Apenas algumas horas após o ataque, Hillary Clinton pediu mudança nas regras em vigor. “Nossa tristeza não é suficiente. Temos que deixar a política de lado, enfrentar o NRA (National Rifle Association, a maior organização do lobby das armas nos EUA) e trabalhar juntos para que isso não se repita”, disse a ex-presidenciável democrata, derrotada por Trump nas urnas.

“Há sempre atiradores com histórias e motivações diferentes. O único ponto trágico em comum é o fato de terem entre suas mãos armas potentes”, declarou Ben Rhodes, ex-conselheiro de Barack Obama, que já havia tentado mudar as regras sobre o acesso às armas no Congresso.

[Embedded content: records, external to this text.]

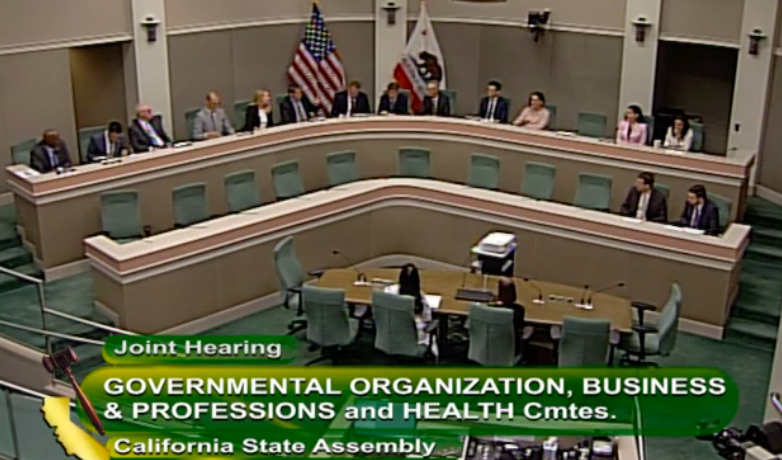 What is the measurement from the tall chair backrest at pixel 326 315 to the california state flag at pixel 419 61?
7.52 meters

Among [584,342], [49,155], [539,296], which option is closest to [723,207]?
[539,296]

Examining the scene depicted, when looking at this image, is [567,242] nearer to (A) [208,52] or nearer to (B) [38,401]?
(B) [38,401]

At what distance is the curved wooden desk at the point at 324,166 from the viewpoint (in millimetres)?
10516

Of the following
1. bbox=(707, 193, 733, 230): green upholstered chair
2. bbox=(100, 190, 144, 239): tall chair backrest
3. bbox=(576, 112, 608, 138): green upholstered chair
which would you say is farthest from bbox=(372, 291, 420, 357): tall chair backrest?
bbox=(576, 112, 608, 138): green upholstered chair

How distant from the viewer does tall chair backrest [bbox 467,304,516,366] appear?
8.25 metres

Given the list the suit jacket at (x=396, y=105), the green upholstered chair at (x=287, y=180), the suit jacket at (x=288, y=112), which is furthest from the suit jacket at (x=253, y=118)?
the suit jacket at (x=396, y=105)

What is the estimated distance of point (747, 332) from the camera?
9.76m

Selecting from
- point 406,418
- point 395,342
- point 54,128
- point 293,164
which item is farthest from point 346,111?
point 406,418

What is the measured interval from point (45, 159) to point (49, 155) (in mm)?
65

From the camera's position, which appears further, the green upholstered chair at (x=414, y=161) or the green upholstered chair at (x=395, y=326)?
the green upholstered chair at (x=414, y=161)

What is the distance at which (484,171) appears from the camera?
484 inches

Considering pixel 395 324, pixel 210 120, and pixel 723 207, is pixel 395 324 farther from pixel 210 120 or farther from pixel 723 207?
pixel 210 120

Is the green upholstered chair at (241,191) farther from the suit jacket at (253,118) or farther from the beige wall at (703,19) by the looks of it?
the beige wall at (703,19)

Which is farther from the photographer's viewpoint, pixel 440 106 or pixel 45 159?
pixel 440 106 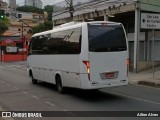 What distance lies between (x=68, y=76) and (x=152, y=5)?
53.1 ft

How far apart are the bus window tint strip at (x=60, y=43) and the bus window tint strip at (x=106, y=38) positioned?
20.4 inches

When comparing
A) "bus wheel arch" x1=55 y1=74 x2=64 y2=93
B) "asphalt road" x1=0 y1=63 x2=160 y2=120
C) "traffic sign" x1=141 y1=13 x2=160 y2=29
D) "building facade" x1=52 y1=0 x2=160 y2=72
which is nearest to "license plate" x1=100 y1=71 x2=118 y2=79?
"asphalt road" x1=0 y1=63 x2=160 y2=120

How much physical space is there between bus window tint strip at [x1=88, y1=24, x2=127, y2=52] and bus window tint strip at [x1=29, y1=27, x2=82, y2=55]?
52 cm

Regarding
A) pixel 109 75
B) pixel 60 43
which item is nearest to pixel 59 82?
pixel 60 43

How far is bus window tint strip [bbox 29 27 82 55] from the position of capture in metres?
14.2

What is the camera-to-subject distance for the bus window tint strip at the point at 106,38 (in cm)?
1363

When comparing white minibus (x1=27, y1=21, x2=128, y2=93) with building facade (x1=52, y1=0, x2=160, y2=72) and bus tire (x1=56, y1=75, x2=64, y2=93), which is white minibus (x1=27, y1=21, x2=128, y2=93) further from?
building facade (x1=52, y1=0, x2=160, y2=72)

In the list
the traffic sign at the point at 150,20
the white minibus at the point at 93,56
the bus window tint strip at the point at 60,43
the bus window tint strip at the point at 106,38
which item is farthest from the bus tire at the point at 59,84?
the traffic sign at the point at 150,20

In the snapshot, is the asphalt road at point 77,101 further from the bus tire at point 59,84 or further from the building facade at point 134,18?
the building facade at point 134,18

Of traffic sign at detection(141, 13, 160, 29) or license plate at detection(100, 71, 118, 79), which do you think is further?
traffic sign at detection(141, 13, 160, 29)

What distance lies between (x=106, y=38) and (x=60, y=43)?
8.62ft

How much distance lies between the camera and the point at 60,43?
1580cm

O senador democrata do Connecticut Chris Murphy, estado que foi palco em 2012 do massacre da escola de Sandy Hook, em Newtown, também exprimiu sua revolta após o ataque de Las Vegas. “É exasperador que meus colegas do Congresso tenham tanto medo da indústria das armas que prefiram dizer que não existe nenhuma resposta política para o problema”, declarou, pedindo uma ação dos colegas parlamentares.

As pesquisas de opinião mostram que a maioria dos norte-americanos é favorável ao endurecimento da legislação sobre o porte de armas.

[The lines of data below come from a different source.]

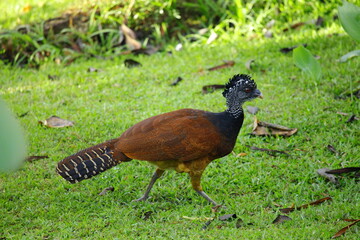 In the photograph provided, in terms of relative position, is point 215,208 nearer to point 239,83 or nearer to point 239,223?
point 239,223

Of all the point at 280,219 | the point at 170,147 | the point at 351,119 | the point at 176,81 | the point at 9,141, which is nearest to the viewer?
the point at 9,141

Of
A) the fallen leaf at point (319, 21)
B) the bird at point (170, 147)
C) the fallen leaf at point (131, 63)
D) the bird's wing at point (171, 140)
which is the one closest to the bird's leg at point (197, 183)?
the bird at point (170, 147)

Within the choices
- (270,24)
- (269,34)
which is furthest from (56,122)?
(270,24)

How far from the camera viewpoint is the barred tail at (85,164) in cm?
379

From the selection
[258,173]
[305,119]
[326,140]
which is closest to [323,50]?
[305,119]

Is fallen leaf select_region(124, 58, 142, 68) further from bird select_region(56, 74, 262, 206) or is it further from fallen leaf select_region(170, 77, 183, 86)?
bird select_region(56, 74, 262, 206)

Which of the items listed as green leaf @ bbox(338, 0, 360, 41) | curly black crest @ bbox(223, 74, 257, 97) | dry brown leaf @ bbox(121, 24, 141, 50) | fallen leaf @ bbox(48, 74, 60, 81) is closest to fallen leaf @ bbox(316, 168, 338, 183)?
curly black crest @ bbox(223, 74, 257, 97)

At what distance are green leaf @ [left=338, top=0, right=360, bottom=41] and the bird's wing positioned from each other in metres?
1.91

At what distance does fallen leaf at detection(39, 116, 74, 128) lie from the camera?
550 centimetres

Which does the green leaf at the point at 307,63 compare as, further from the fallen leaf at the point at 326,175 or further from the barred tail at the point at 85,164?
the barred tail at the point at 85,164

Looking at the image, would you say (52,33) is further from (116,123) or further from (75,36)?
(116,123)

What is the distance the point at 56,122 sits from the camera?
5.58 m

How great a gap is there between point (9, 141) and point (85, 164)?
3.19 m

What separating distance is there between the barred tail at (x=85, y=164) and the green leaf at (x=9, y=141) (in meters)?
3.15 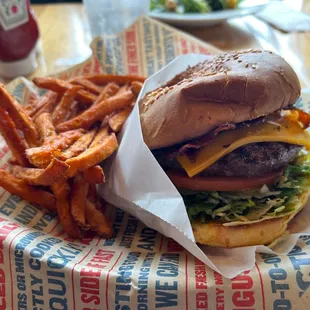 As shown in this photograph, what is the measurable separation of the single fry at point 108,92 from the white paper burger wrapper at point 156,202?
170mm

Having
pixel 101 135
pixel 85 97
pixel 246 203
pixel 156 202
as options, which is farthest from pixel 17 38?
pixel 246 203

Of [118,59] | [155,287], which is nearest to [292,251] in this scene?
[155,287]

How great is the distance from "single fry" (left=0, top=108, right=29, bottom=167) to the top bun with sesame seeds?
0.45 m

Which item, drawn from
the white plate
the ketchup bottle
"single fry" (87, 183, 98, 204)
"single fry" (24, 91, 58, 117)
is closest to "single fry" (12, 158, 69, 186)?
"single fry" (87, 183, 98, 204)

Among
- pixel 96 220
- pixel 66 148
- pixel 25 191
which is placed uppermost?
pixel 66 148

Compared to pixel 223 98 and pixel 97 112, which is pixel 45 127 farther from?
pixel 223 98

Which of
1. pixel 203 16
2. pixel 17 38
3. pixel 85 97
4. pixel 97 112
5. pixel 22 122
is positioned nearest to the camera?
pixel 22 122

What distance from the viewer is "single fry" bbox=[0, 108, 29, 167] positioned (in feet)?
5.30

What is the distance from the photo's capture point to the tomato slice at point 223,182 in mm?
1524

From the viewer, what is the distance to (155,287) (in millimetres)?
1285

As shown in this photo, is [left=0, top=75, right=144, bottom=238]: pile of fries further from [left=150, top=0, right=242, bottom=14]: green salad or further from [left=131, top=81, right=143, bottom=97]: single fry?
[left=150, top=0, right=242, bottom=14]: green salad

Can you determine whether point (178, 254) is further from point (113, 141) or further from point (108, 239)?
point (113, 141)

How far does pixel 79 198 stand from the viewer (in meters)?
1.56

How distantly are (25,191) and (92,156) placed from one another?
0.91 ft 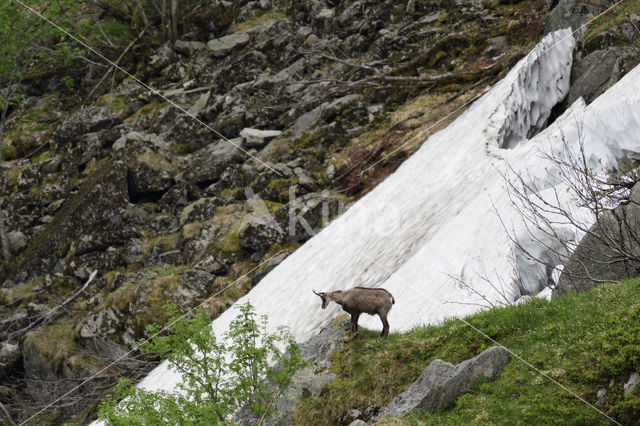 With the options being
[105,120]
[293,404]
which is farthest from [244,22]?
[293,404]

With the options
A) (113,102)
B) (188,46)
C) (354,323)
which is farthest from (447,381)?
(188,46)

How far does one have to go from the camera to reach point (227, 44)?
38125 millimetres

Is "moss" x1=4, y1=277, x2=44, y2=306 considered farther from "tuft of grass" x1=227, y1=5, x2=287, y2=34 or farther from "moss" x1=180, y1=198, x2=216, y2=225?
"tuft of grass" x1=227, y1=5, x2=287, y2=34

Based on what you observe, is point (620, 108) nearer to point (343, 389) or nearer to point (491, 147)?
point (491, 147)

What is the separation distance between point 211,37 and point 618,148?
33.3 meters

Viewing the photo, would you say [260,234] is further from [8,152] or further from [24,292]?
[8,152]

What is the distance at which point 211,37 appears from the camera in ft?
133

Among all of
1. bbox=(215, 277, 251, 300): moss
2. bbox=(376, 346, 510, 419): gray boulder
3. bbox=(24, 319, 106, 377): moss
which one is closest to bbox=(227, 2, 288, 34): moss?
bbox=(215, 277, 251, 300): moss

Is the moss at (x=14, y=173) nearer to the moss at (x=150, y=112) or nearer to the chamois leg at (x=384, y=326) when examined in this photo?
the moss at (x=150, y=112)

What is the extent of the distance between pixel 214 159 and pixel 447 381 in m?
21.8

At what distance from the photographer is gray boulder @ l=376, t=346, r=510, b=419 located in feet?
26.7

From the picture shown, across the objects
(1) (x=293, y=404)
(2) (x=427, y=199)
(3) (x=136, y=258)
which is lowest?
(3) (x=136, y=258)

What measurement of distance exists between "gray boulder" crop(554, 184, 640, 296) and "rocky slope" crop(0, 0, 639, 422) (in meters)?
6.97

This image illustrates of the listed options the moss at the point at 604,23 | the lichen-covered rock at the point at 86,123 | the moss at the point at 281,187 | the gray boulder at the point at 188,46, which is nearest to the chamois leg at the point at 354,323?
the moss at the point at 604,23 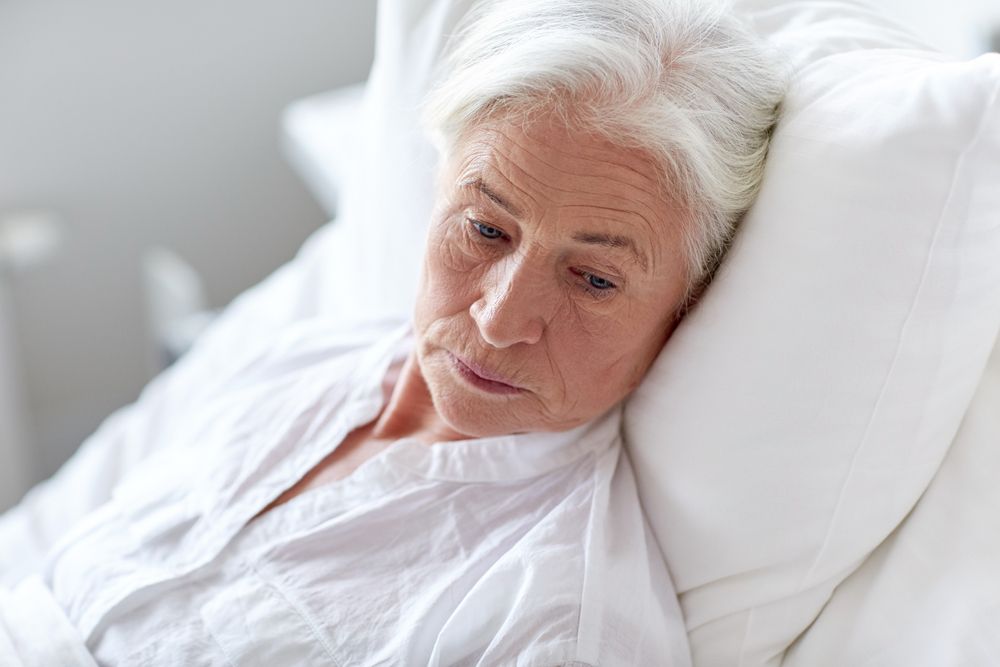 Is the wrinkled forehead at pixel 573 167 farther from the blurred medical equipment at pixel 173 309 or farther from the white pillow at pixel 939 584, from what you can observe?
the blurred medical equipment at pixel 173 309

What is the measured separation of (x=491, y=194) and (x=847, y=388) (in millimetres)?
336

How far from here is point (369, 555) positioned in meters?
0.99

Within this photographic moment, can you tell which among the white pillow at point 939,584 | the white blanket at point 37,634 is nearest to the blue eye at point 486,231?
the white pillow at point 939,584

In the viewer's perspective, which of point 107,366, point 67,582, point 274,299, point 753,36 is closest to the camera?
point 753,36

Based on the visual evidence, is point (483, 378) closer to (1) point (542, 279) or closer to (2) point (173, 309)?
(1) point (542, 279)

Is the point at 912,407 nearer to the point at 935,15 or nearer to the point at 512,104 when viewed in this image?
the point at 512,104

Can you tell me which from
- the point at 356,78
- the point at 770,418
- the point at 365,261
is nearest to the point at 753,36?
the point at 770,418

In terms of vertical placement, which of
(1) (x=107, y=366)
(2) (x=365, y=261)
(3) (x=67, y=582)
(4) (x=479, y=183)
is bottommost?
(1) (x=107, y=366)

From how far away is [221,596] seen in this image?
99 cm

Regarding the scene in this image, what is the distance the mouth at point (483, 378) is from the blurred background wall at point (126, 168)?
4.13ft

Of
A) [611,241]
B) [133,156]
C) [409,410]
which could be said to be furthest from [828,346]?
[133,156]

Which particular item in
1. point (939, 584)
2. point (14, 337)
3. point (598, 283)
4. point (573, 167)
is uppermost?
point (573, 167)

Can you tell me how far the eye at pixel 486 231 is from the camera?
937 mm

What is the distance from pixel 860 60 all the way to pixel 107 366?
181cm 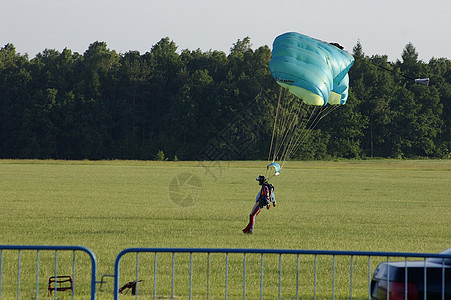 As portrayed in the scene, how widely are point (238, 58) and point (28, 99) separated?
113 feet

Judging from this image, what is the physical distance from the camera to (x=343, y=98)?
18266mm

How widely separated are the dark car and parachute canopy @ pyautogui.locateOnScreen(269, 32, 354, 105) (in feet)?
32.9

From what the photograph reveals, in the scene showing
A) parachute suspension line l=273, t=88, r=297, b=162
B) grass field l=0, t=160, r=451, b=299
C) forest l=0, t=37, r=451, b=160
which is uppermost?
forest l=0, t=37, r=451, b=160

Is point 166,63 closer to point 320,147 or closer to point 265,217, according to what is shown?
point 320,147

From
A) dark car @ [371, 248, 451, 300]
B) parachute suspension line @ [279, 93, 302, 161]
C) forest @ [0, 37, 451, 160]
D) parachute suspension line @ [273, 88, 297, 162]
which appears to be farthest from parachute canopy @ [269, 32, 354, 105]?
forest @ [0, 37, 451, 160]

Trump conta com o apoio do lobby das armas

Porém, Donald Trump sempre defendeu a Segunda Emenda da Constituição dos Estados Unidos, que protege o direito do povo de manter e portar armas. Durante a campanha presidencial, o magnata contou com o apoio do NRA e, desde que foi eleito, não deu nenhum sinal de que mudaria algo sobre o tema. “Vocês têm um verdadeiro amigo na Casa Branca. Me apoiaram e podem contar com meu apoio”, declarou Trump 100 dias antes de sua chegada ao poder.

Para conquistar a confiança do RNA, o presidente sempre lembrou que dois de seus filhos são membros do grupo há anos. “Eles têm tantos fuzis em casa que às vezes me preocupo”, ironizou Trump inúmeras vezes.